#### RECORDED DATA

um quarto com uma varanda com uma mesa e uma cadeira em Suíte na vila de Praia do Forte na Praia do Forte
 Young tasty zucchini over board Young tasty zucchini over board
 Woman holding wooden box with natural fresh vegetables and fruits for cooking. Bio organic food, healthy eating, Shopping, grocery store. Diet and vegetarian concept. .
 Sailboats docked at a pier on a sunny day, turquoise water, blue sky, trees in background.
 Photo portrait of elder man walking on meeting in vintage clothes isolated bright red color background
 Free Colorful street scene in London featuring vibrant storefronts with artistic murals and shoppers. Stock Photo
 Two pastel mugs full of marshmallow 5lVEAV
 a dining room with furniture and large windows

########

Retype the entire listing exactly.

ANSWER TO THIS PROBLEM –
um quarto com uma varanda com uma mesa e uma cadeira em Suíte na vila de Praia do Forte na Praia do Forte
 Young tasty zucchini over board Young tasty zucchini over board
 Woman holding wooden box with natural fresh vegetables and fruits for cooking. Bio organic food, healthy eating, Shopping, grocery store. Diet and vegetarian concept. .
 Sailboats docked at a pier on a sunny day, turquoise water, blue sky, trees in background.
 Photo portrait of elder man walking on meeting in vintage clothes isolated bright red color background
 Free Colorful street scene in London featuring vibrant storefronts with artistic murals and shoppers. Stock Photo
 Two pastel mugs full of marshmallow 5lVEAV
 a dining room with furniture and large windows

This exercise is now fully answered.